Software, Datasets & Ontologies
Below is an overview of the open-source tools, ontologies, knowledge graphs, and datasets produced as part of my research on reproducibility, provenance, and biodiversity informatics. All artifacts are freely available under open licenses.
Software & Tools
Pipeline
LLM assisted KG construction Pipeline
This repository contains code, data, prompts and results related to the (semi-)automatic pipeline of Ontology and Knowledge Graph Construction
with four different Large Language Models (LLMs): Mixtral 8x22B Instruct v0.1-Instruct-v0.1, GPT-4o, GPT-3.5, Gemini.
Pipeline
Information Retrieval Pipeline using multiple LLMs and RAG
This repository contains code, data, prompts and results related to information retrieval from PDFs using multiple LLMs and the RAG approach.
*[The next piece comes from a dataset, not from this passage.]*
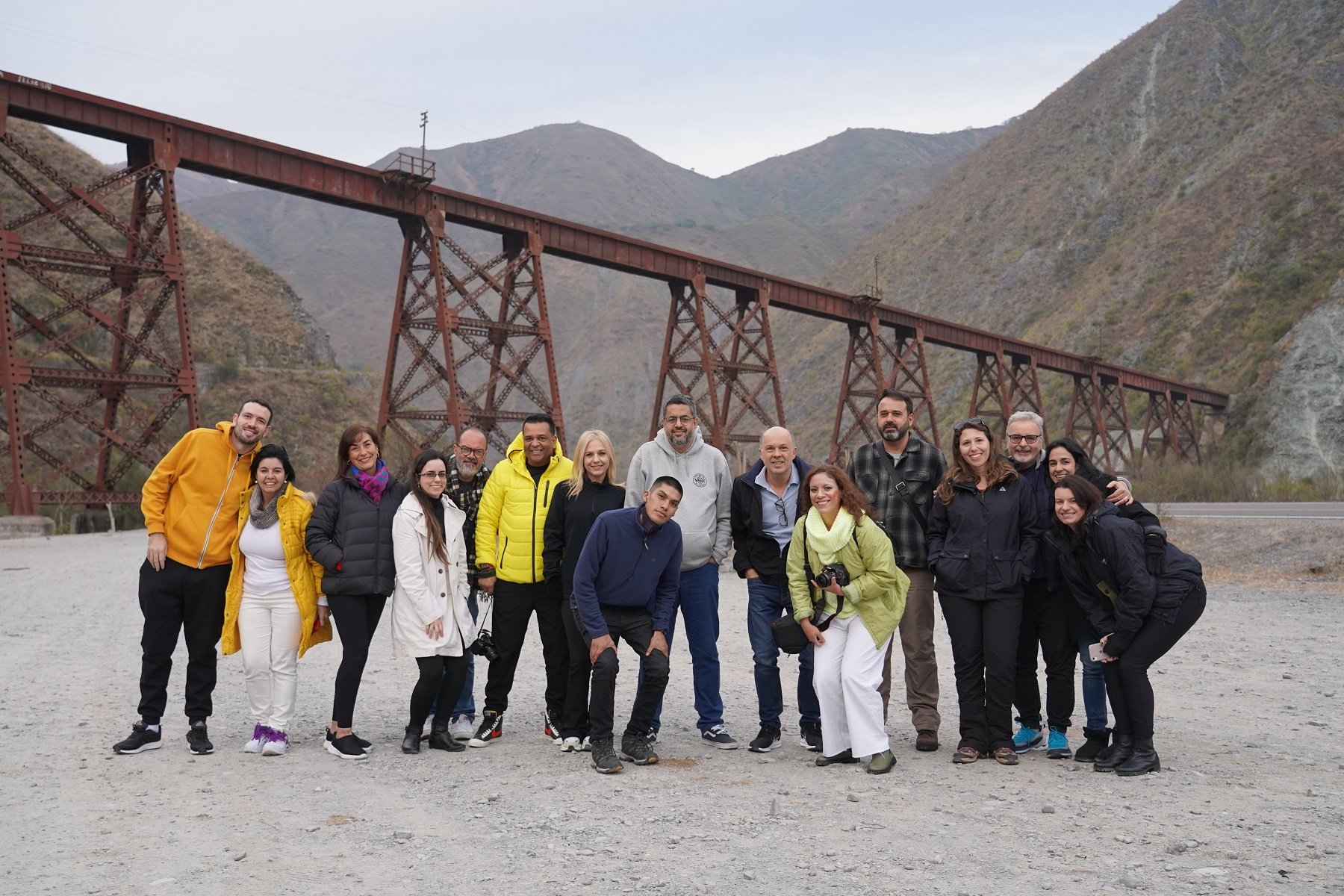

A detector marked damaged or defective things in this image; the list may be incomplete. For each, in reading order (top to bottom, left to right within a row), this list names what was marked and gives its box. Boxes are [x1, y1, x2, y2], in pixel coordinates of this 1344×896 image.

rusty red steel truss [0, 73, 1231, 510]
Later, results from individual LLM were used to create a hard voting classifier,
which enhances the overall quality of the results. LLMs used: Llama-3 70B, Llama-3.1 70B, Mixtral-8x22B-Instruct-v0.1, Mixtral 8x7B, and Gemma 2 9B.
Analysis Code
Computational Reproducibility Analysis
Scripts and pipelines for the large-scale study of Jupyter notebook reproducibility from
biomedical publications. Covers mining PubMed Central, locating notebooks on GitHub,
executing them in clean environments, and comparing outputs — across 27,000+ notebooks
from 2,660 repositories.
Jupyter Extension
ProvBook
A Jupyter Notebook extension that captures and visualizes the provenance of notebook executions
over time using the REPRODUCE-ME ontology. Stores execution history as RDF, allows side-by-side
comparison of runs, and supports SPARQL querying of experiment histories.
Visualization Tool
ReproduceMeGit
A web-based visualization tool for assessing the reproducibility of Jupyter notebooks stored
in GitHub repositories. Displays counts of reproducible, exception-throwing, and result-differing
notebooks, with RDF provenance export via ProvBook integration.
JupyterLab Extension
MLProvLab
A JupyterLab extension that automatically tracks, manages, compares, and visualizes provenance
of machine learning notebooks. Identifies relationships between data and models in ML scripts,
records datasets and modules used, and enables comparison across experimental runs.
JupyterLab Extension
MLProvCodeGen - Machine Learning Provenance Code Generator
MLProvCodeGen is a JupyterLab extension that automates the generation of machine learning training code while simultaneously capturing fine-grained provenance data according to real-world models. It enables the seamless reproduction of
experiments from recorded provenance files and generates relational graphs to provide a clear visual representation of the entire research workflow.
Platform
CAESAR
Collaborative Environment for Scientific Analysis with Reproducibility — an end-to-end provenance
management framework for scientific experiments. Allows scientists to capture, manage, query, and
visualize the complete path of an experiment, covering both computational and wet-lab steps.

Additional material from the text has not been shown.